Atas dasar ini, penganut Salafi, termasuk Qasemi, berpegang teguh pada Al-Qur'an, hadis, dan konsesus ulama. Mereka menolak bid'ah dan mendukung penerapan syariat Islam. Meski demikian, dukungan Qasemi terhadap Salafi membuat pihak kampus geram. Alhasil, pada 1931 dia dikeluarkan dari Al-Azhar.
Setelah tak lagi jadi mahasiswa, pemikiran Qasemi seketika berubah. Dari semula anak religius berkat orang tua, pendukung Salafi garis keras, kemudian beralih jadi orang yang meninggalkan kewajiban agama Islam. Puncaknya, dia memantapkan diri sebagai ateis atau tidak mengakui adanya Tuhan.
Keputusan menjadi ateis ini membuat heran banyak orang. Apalagi, dibarengi juga oleh terbitnya karya-karya baru. Salah satu yang kontroversial adalah The Lie to See God Beautiful.

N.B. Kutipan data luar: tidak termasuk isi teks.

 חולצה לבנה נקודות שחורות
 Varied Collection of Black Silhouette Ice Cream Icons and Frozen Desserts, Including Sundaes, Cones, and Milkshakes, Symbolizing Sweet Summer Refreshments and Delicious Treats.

Lewat buku itu, dia mempertanyakan rasionalitas dan dogma agama yang selama ini dianut masyarakat. Atas dasar ini, Qasemi jadi hujatan banyak orang dan musuh masyarakat. Perlahan, Buku-buku dan karya lainnya yang mengkritik agama dilarang banyak negara Timur Tengah.
Banyak juga pihak yang memintanya dihukum mati karena upayanya itu. Bahkan, masih mengutip Al Arabiya, pada 1954 pemerintah Mesir memberlakukan "persona non grata" atau pengusiran kepada Qasemi imbas pemikirannya meluas. Pemerintah tak ingin ada Qasemi lain bermunculan.
Selain itu, dirinya pun berulang kali jadi sasaran pembunuhan, baik itu saat berada di Mesir atau di tempat pengasingan, Lebanon. Hingga akhirnya, upaya penyebaran ajaran liberalisme dan tentangan agama berhenti pada 9 Januari 1996 karena kanker.